The Asia-Pacific region is seen getting 9,160 planes worth $1.19 trillion, while North America is seen receiving 8,550 planes worth $740 billion. The expected deliveries for Asia-Pacific rose from last year’s forecast, while North American deliveries are down.
In addition, Boeing lowered its projections for a fleet size at the end of the next 20 years of 35,800 from 36,400 forecast last year.
With high fuel prices making older, less-fuel efficient planes too expensive, Boeing said replacement airplanes took a great share of demand – 42% – than previous forecasts of 36%.
Boeing still expects global air traffic to increase 5% a year.
“We’re facing a very dynamic situation today in the commercial aviation industry,” said Randy Tinseth, Boeing Commercial Airlines vice president of marketing. “This year’s forecast is rooted in today’s realities, but also recognizes the nature of a long-term outlook.”
With soaring fuel costs and a weak U.S. economy hampering airlines, many are scaling back plans for growth. U.S. airlines have implemented several fare hikes and have increased charges for a range of services previously considered part of the ticket price. Airlines also have reduced staff numbers and cut fleets. Despite many merger discussions between potential partners, only Delta Air Lines Inc. (DAL) and Northwest Airlines Corp. (NWA) were able to agree to combine.

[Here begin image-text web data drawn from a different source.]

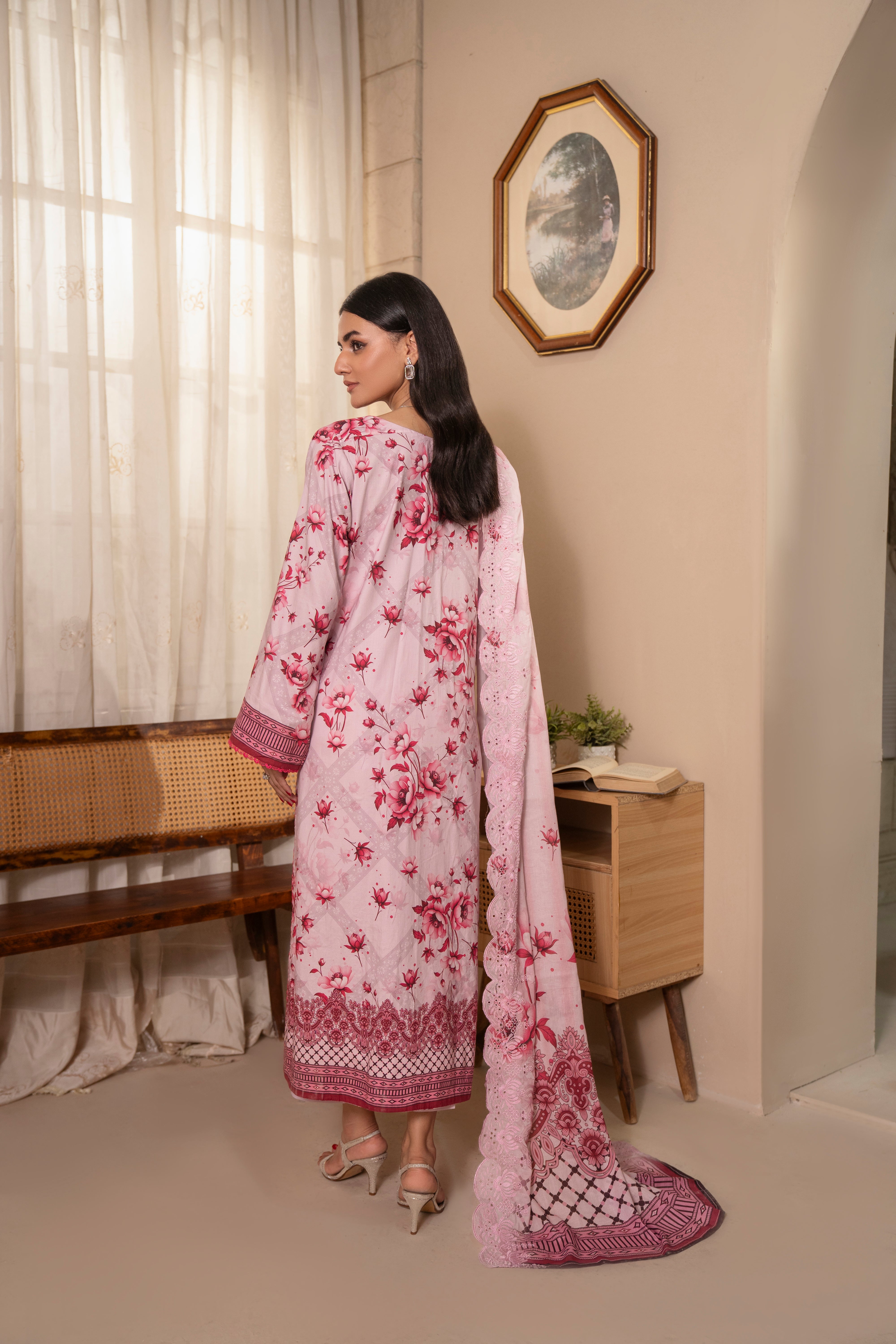 D732 - Collection Embroidered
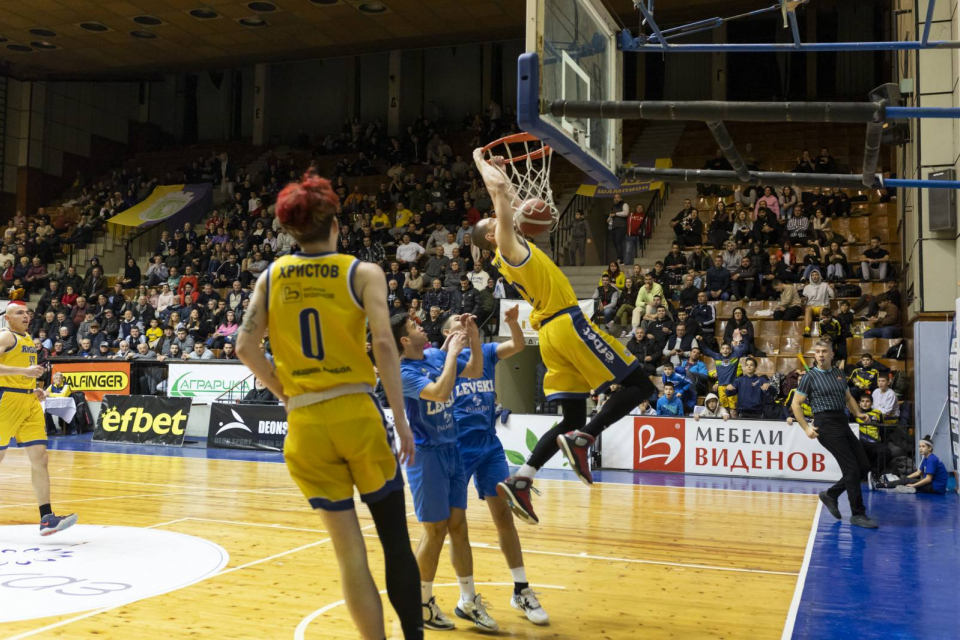 „Ямбол“ поднесе изненадата на XXI кръг в Националната баскетболна лига, като надви категорично отборът на „Левски“ с 86:69 пред близо 1500 зрители в Спортна...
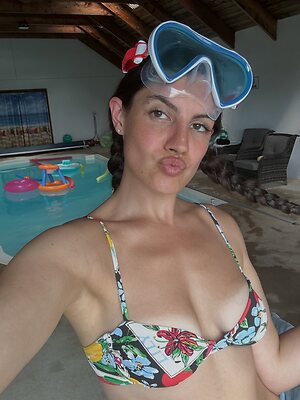 Hannah St. John leaked photo #7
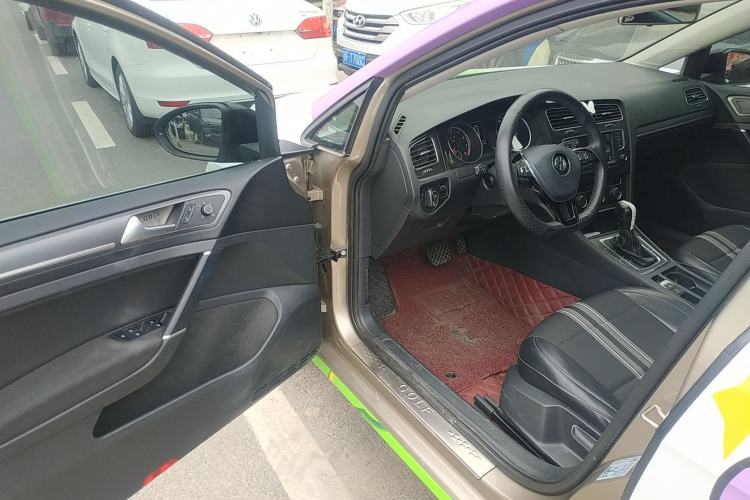 Used Volkswagen Golf 2017 1.6L Automatic Comfort Million-Vehicle Anniversary Edition
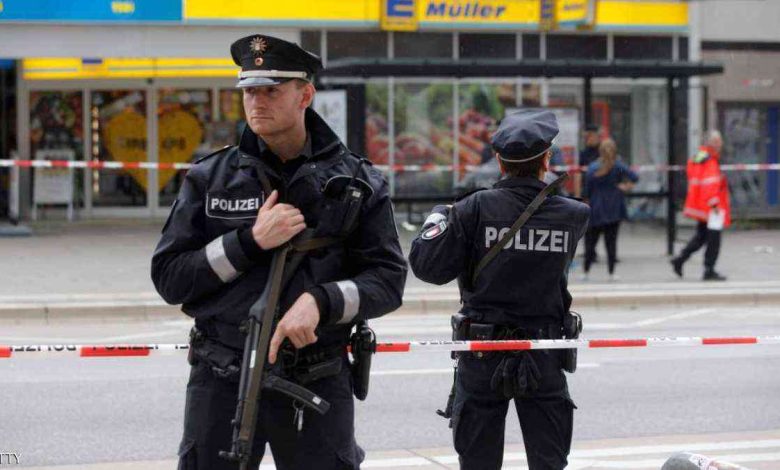 ألمانيا: مخمور يسرق ديزل من محطة وقود ويفر على الأقدام من الشرطة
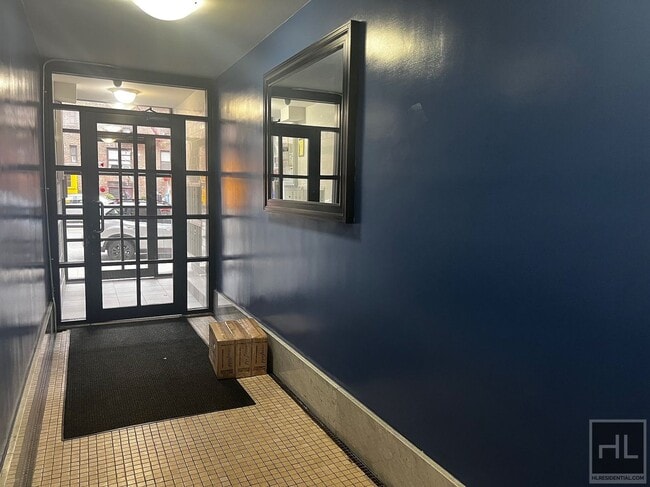 Photo - YORK AVENUE Unit 5E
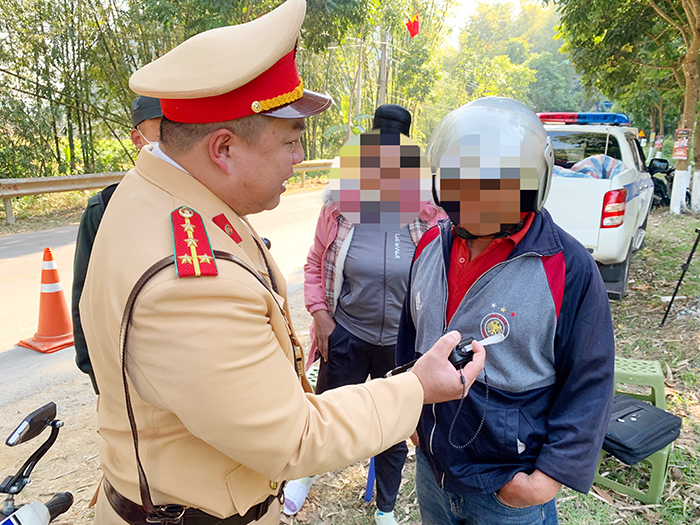 Rời cuộc vui, tiên tửu “ghé” chốt nộp phạt đầu Xuân -0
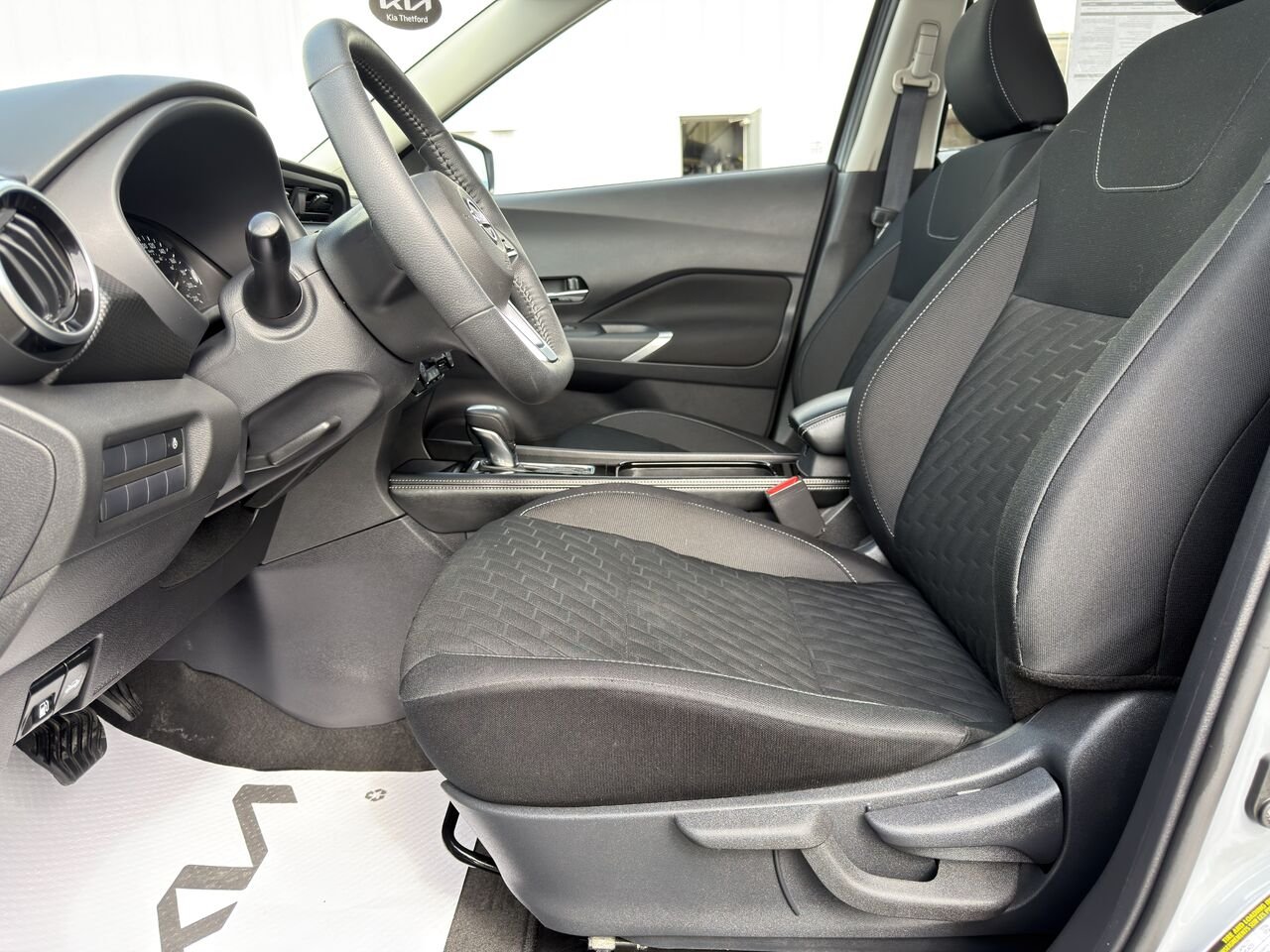 2024 Nissan Kicks Grey Thetford Mines - photo #11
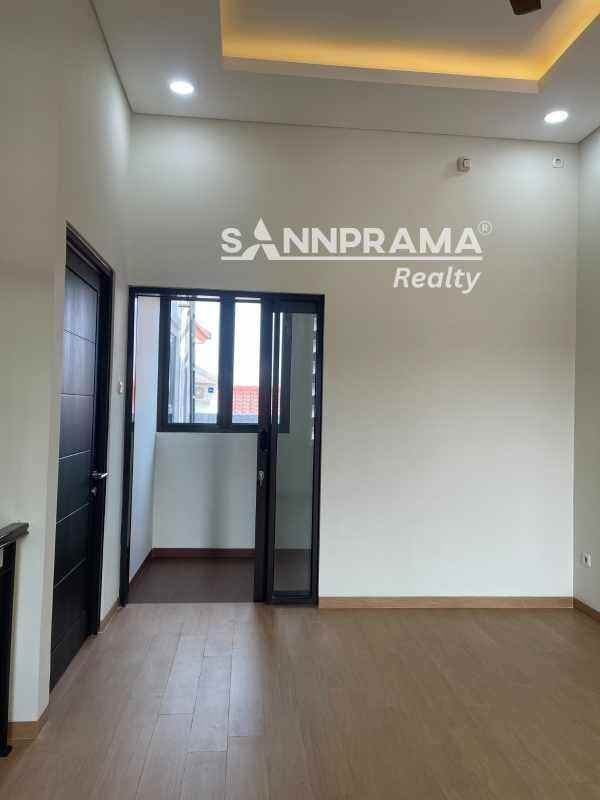 dijual rumah kukusan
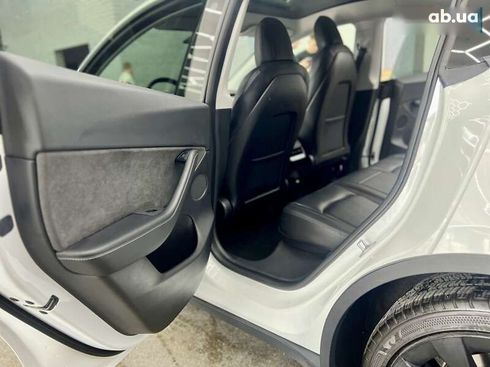 Tesla Model Y 2021 - фото 10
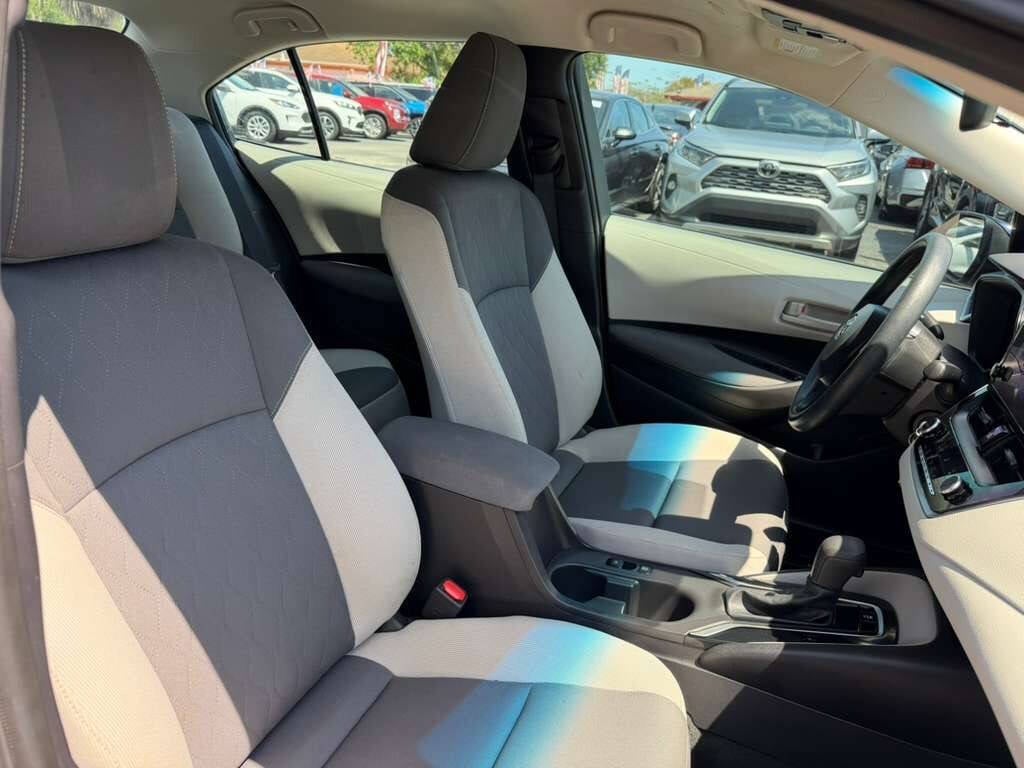 2024 Toyota Corolla LE 4dr Sedan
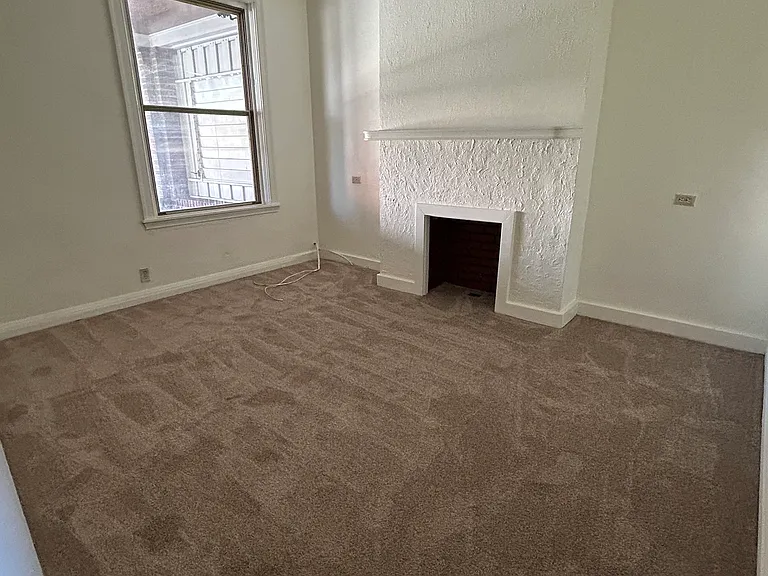 208 W Elizabeth St — Photo 4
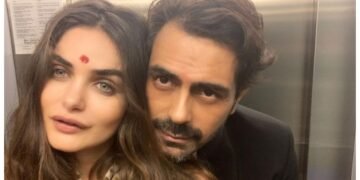 ارجن اور گیبریئیلا کی محبت کا نیا مرحلہ: اداکار نے منگنی کا اعلان کر دیا 38 ارجن اور گیبریئیلا کی محبت کا نیا مرحلہ: اداکار نے منگنی کا اعلان کر دیا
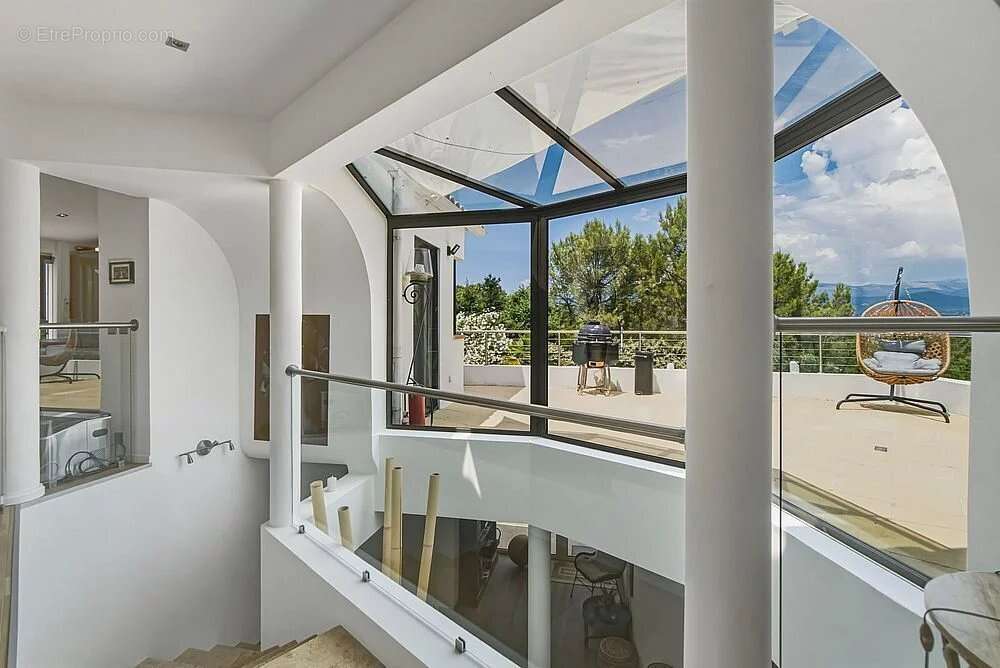 Maison à TOURRETTES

International airlines have not suffered as much since their fleets tend to be newer and more fuel-efficient. Deutsche Lufthansa AG (LHA.XE) posted record profits in 2007 and thinks it can match that performance this year, perhaps through some shrewd acquisitions. British Airways (BAIRY) doubled its profits from last year, while Dubai-based Emirates Airline is thriving and expects ” robust” demand growth for 2008. Also, airlines in China are largely spared the pain of high fuel costs because their government maintains an artificially low price through subsidies.
In April, Boeing said the weak U.S. economy hadn’t affected its business so far since only 11% of new aircraft orders were from U.S. customers.